**Problem**
Using the listing below, retype exactly the lines starting at the one with "Cursos de TensorFlow Lite em Portugal" and ending at the one with "Appartement à Umm", and include both.

### Provided records

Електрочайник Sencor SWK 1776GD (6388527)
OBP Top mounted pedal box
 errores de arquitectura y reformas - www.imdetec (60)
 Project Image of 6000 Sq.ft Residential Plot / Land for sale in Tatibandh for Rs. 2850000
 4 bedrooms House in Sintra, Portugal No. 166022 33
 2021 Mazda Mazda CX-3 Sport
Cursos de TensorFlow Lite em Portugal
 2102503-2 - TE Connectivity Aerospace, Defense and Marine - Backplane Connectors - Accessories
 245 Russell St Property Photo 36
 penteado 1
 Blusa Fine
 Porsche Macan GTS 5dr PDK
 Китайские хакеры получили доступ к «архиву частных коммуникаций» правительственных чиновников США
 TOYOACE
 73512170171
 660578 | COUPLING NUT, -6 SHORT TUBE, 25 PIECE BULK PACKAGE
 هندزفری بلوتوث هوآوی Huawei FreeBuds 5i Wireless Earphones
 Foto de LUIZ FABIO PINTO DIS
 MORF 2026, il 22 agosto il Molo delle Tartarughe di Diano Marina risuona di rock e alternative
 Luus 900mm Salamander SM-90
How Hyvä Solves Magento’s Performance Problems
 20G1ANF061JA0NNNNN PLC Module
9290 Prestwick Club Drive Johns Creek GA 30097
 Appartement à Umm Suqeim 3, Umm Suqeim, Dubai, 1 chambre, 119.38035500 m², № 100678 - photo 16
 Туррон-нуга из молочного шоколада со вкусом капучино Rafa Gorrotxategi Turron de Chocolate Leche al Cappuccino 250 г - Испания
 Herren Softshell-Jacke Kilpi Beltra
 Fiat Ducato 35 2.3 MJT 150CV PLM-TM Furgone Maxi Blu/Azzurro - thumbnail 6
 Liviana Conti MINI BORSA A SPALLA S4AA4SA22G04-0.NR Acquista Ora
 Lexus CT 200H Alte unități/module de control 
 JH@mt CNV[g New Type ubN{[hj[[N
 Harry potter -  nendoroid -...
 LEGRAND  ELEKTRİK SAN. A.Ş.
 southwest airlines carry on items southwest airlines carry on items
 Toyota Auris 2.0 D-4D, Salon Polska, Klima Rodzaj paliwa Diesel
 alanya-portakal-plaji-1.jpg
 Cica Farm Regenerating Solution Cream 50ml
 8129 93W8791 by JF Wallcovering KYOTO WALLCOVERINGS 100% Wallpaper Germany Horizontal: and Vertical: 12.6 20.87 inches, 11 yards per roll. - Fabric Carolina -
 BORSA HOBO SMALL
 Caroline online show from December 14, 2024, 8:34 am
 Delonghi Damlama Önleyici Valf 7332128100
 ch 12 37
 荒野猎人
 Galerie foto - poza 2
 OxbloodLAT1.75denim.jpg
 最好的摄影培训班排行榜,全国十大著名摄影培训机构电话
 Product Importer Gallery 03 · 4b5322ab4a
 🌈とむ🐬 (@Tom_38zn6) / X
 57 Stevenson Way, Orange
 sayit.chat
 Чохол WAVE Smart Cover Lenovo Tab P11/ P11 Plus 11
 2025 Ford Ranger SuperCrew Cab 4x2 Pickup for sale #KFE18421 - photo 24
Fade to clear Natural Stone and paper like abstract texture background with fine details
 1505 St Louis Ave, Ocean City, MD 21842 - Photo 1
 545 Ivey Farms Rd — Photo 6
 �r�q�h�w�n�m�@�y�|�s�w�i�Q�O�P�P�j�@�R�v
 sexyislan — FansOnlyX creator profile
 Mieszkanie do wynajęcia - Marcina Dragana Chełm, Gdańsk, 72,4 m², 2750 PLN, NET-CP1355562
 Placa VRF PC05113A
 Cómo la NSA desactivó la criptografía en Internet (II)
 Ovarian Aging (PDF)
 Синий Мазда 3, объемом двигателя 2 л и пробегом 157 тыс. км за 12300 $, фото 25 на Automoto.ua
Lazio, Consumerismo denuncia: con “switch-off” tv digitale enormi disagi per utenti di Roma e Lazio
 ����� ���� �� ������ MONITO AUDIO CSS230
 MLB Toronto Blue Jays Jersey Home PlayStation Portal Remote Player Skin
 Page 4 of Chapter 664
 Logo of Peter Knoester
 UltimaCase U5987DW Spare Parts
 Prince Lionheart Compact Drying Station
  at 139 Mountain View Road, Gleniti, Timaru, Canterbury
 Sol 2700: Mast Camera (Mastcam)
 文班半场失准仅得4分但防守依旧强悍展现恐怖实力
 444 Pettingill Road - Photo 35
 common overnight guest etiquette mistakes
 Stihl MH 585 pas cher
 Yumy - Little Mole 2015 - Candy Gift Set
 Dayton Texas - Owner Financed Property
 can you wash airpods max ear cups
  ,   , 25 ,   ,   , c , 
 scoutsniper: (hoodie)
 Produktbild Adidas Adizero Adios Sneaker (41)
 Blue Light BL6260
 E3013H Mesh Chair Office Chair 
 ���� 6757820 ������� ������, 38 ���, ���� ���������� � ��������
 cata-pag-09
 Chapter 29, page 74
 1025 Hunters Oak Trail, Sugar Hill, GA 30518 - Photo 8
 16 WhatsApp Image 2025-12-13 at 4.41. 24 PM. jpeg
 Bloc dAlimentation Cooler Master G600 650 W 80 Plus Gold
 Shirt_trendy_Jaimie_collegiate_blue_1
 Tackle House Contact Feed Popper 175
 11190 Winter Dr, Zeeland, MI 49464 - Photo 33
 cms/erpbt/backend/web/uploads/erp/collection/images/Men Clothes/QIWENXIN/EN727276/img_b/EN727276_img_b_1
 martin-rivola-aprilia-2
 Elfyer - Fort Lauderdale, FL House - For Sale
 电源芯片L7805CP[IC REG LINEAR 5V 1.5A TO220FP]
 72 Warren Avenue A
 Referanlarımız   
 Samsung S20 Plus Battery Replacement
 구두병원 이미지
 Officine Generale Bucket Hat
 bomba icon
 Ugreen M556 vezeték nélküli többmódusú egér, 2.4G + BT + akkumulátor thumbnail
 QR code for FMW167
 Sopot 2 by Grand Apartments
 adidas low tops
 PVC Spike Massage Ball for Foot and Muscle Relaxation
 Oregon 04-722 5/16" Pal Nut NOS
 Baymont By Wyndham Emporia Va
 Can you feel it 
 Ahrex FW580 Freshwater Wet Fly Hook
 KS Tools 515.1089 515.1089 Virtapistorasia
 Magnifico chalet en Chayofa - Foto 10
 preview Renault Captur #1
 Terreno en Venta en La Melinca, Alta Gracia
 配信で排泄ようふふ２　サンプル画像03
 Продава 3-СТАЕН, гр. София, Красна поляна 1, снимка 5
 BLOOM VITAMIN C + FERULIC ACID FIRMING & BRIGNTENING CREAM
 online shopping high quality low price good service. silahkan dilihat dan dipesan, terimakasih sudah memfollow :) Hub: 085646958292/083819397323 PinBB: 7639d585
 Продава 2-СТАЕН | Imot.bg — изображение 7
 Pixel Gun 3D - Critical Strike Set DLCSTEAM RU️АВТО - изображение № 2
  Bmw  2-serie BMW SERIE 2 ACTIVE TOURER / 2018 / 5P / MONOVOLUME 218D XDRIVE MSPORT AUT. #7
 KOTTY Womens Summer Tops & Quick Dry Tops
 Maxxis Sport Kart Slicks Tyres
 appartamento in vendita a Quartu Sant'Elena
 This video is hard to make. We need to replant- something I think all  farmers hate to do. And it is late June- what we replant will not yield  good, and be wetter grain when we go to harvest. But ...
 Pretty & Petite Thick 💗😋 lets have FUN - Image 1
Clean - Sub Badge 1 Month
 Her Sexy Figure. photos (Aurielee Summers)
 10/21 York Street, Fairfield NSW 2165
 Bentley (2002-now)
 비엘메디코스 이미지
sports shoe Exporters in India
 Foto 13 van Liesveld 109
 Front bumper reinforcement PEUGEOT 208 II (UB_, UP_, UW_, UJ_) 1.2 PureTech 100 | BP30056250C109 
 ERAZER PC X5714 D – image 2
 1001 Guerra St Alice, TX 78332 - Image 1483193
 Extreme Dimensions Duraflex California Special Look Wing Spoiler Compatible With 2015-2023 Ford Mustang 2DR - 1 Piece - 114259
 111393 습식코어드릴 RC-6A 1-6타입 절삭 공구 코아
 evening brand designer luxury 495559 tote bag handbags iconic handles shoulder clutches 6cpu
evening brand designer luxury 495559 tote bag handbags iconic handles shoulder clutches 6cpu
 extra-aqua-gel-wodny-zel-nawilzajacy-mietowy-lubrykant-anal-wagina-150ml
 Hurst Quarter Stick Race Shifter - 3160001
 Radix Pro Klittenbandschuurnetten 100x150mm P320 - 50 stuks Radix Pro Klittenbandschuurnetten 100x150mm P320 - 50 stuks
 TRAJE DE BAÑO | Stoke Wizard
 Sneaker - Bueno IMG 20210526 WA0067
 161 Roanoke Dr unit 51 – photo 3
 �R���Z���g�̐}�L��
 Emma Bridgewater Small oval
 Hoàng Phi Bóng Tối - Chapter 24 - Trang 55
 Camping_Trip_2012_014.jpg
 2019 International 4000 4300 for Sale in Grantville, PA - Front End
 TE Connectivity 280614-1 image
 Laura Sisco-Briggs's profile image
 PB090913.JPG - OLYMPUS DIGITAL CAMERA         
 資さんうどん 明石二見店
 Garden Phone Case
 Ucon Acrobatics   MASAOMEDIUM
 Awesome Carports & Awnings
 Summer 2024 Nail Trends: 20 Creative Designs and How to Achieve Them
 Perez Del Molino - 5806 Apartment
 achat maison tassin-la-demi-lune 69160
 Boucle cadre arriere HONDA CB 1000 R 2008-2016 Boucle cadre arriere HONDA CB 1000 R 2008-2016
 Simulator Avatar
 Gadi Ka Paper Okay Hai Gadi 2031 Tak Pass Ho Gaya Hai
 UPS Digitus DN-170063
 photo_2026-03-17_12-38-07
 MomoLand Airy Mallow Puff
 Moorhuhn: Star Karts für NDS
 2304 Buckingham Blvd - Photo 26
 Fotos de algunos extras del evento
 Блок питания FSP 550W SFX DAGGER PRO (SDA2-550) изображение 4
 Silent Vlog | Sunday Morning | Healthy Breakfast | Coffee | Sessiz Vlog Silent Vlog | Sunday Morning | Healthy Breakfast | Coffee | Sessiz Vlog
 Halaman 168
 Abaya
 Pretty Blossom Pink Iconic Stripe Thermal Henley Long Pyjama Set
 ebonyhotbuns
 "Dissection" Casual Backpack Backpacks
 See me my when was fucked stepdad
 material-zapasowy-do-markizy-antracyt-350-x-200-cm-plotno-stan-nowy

######

**Answer space**
Cursos de TensorFlow Lite em Portugal
 2102503-2 - TE Connectivity Aerospace, Defense and Marine - Backplane Connectors - Accessories
 245 Russell St Property Photo 36
 penteado 1
 Blusa Fine
 Porsche Macan GTS 5dr PDK
 Китайские хакеры получили доступ к «архиву частных коммуникаций» правительственных чиновников США
 TOYOACE
 73512170171
 660578 | COUPLING NUT, -6 SHORT TUBE, 25 PIECE BULK PACKAGE
 هندزفری بلوتوث هوآوی Huawei FreeBuds 5i Wireless Earphones
 Foto de LUIZ FABIO PINTO DIS
 MORF 2026, il 22 agosto il Molo delle Tartarughe di Diano Marina risuona di rock e alternative
 Luus 900mm Salamander SM-90
How Hyvä Solves Magento’s Performance Problems
 20G1ANF061JA0NNNNN PLC Module
9290 Prestwick Club Drive Johns Creek GA 30097
 Appartement à Umm Suqeim 3, Umm Suqeim, Dubai, 1 chambre, 119.38035500 m², № 100678 - photo 16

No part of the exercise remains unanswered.